Economia

Trump dichiara guerra ai pacchi dalla Cina, le Poste americane vanno in tilt

ROMA — La strategia del terrore commerciale di Donald Trump inizia a colpire le spese quotidiane degli americani. E in particolare gli acquisti di abiti a bassissimo costo prodotti dai colossi cinesi della “moda istantanea” Temu e Shein, i cui pacchettini godevano fino a ieri di strada libera attraverso le dogane Usa. Non più: con le tariffe anti Cina scattate martedì Trump ha abolito la regola “de minimis” che esentava le spedizioni cinesi sotto gli 800 dollari di valore dai dazi di importazione. Questo significa che ora i beni sono soggetti alle tasse di frontiera, appena aumentate del 10%, e che le dogane dovranno verificare e validare ogni pacchettino, cosa che rallenterà le consegne. Un doppio colpo per aziende cresciute i modo esponenziale giocando su prezzo e velocità, e per i milioni di consumatori americani (soprattutto giovani della generazione TikTok) che da loro si servono. Nel 2024 sono arrivati negli Usa circa un miliardo e 400 mila pacchi sotto il valore limite, di cui quasi un terzo spediti da Temu e Shein.

Poste americane in tilt

Prima ancora che l’industria dell’instant fashion però, la tagliola di Trump ha mandato in tilt il servizio postale americano. Martedì ha annunciato che non avrebbe più accettato spedizioni dalla Cina, qualche ora dopo ha fatto marcia indietro, ma resta il problema di mettere in piedi un meccanismo di controllo e raccolta delle tasse per oltre un milione di pacchetti al giorno, cosa che poste e dogane stanno cercando di fare «assicurando i minori disagi possibili». Il regime “de minimis” esiste negli Stati Uniti dal 1930 e dieci anni fa il limite è stato alzato da 200 a 800 dollari. Secondo i critici l’esenzione avrebbe da un lato permesso ai produttori low cost cinesi di aggirare le tariffe, dall’altro favorito i trafficanti di droghe e beni contraffatti. L’obiettivo dei dazi di Trump, almeno sulla carta, è colpire il traffico di oppioidi come il Fentanyl provenienti dalla Cina.
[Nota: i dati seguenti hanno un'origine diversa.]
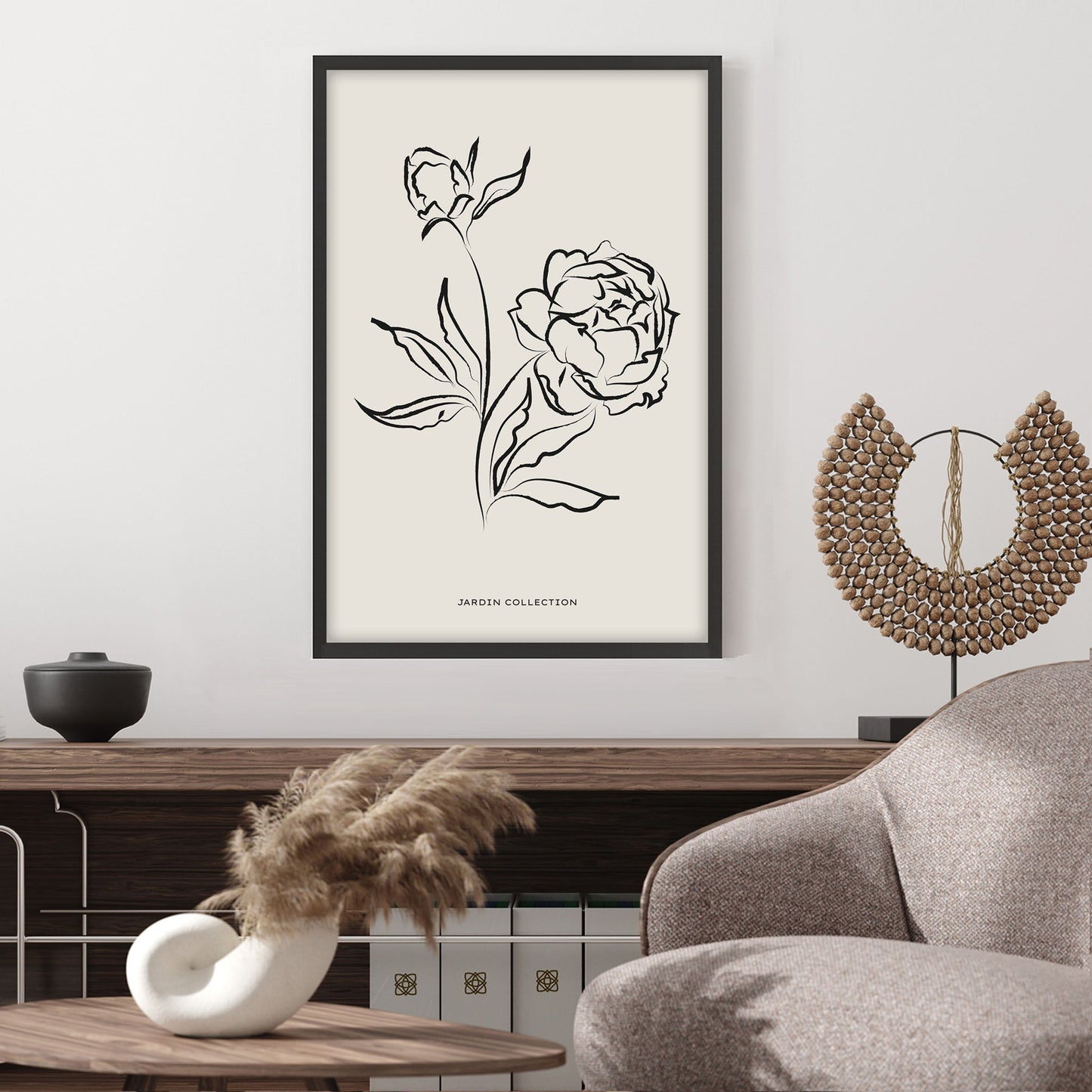 Ethan Taylor 'Flowers Beige Neutral' Framed Art Print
Pechino cerca la trattativa

Ieri la Pechino ha definito «irragionevole» lo stop (poi rientrato) ai pacchi, ribadendo la necessità di un dialogo. Nelle limitate ritorsioni approvate in tutta fretta dai funzionari comunisti durante le feste del capodanno lunare – dazi su carbone, gas e petrolio americani, divieto di esportare alcune materie prime, indagine antitrust contro Google ed Apple – si legge la volontà di non infiammare lo scontro e intavolare una trattativa, visto anche come Trump ha sospeso le tariffe contro Messico e Canada. Alcune fonti avevano ipotizzato un’imminente telefonata tra lui e Xi Jinping, di cui al momento non si ha notizia.

Il bazooka dell’Europa

L’Europa, finora risparmiata dalle tariffe ma sicura di riceverle a breve, vuole adottare una strategia simile. E tra i bastoni che è pronta ad agitare di fronte a Trump, insieme alla carota di maggiori acquisti di energia e armi, ce n’è uno molto potente rivolto contro Big Tech. Lo riporta il Financial Times, secondo cui la Commissione starebbe ipotizzando di attivare lo “strumento anti-coercizione” introdotto nel 2023 per difendersi dai Paesi che cercando di influenzare le sue politiche attraverso la pressione economica (si pensava alla Cina, ma i tempi cambiano). Il bazooka, come lo chiama qualcuno, permetterebbe alla Ue di limitare o bloccare l’attività dei giganti tech americani sul proprio territorio.

Vince l’incertezza

Ieri sui mercati è stata una giornata di ordinaria stabilità, a conferma che la prima ondata di dazi trumpiani è stata metabolizzata come uno strumento negoziale. L’ottimismo stride però con il fatto che siamo solo all’inizio. In tutte le stime l’impatto economico dell’incertezza è ben superiore a quello diretto delle tariffe. Il nuovo record dell’oro, bene rifugio per eccellenza, mostra che l’incertezza è già alle stelle.